Puede decirse, claro, que la televisión es un objeto común, utilizado a diario por gente común, en situaciones cotidianas (aunque, por otro lado, las interpretaciones académicas sobre el medio se han ido diversificando y haciendo cada vez más complejas). Para el hombre común “la tele” es un entretenimiento, una compañía, una distracción, un medio para informarse. Los teóricos de la comunicación, por su parte, entienden la TV como un medio masivo para enviar mensajes, un modo de estar socialmente en contacto, un sitio virtual para vernos y reconocernos, un núcleo productor de sentido a gran escala, un integrador de la heterogeneidad social, un gran narrador de historias, un mecanismo de control, un espacio en el que se despliega la cultura lúdica popular que creíamos perdida, un simulacro de contacto personal, una manera de acercar el universo entero hasta el living de nuestra casa.

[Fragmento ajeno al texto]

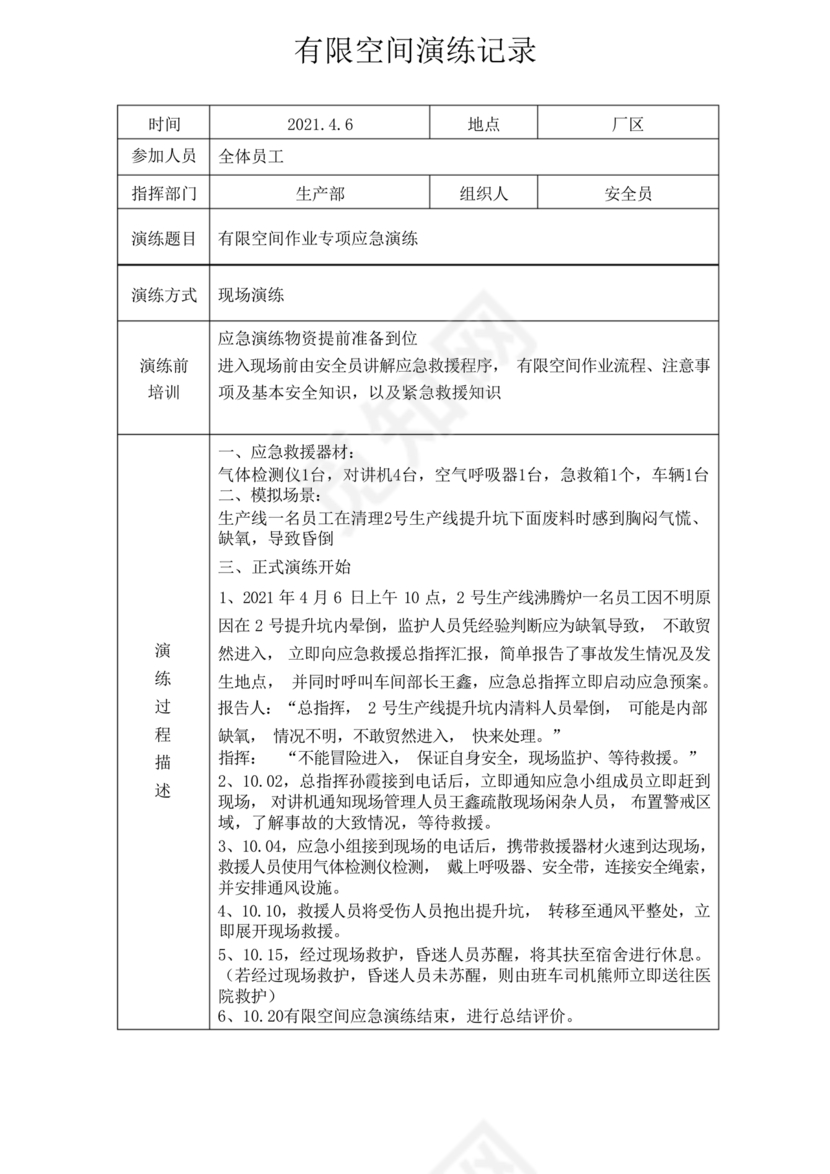 有限空间应急演练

Y también, para extender un poco más la lista: un somnífero, un despertador, un estimulante, un termómetro, un reloj, un periódico, un profesor de gimnasia, un agitador político, un teatro, una radio, un púlpito, una vecina que habla pavadas. Y hasta un espacio educativo, ¿por qué no?
Hoy en día (cambios tecnológicos y culturales mediante), todo este asunto empieza a tener sentidos muy diferentes para las jóvenes generaciones de “televidentes” que despliegan novedosas “maneras de ver” que a veces nos cuesta comprender. El otro día, por ejemplo, mi hija adolescente trajo a casa su última adquisición: un pequeño objeto plano que acunaba con ternura entre sus manos. Mientras lo observaba fijamente, ella se reía, hablaba sola y, de a ratos, hasta bailaba un poco.
—¿Qué estás haciendo? —le pregunté.
—Estoy mirando tele.
—¿Cómo que “mirando tele”?
—Y sí, papá: “tele”. En la tablet, por internet, mientras chateo con mis amigas y me bajo una app para hacerme un videíto. Ahora cuando termine el programa voy a jugar un rato y navegar en las redes para buscar una información que me pidieron en el colegio…
—Pero, decime, nena —pregunté sin doble intención—: ¿qué es ese aparato?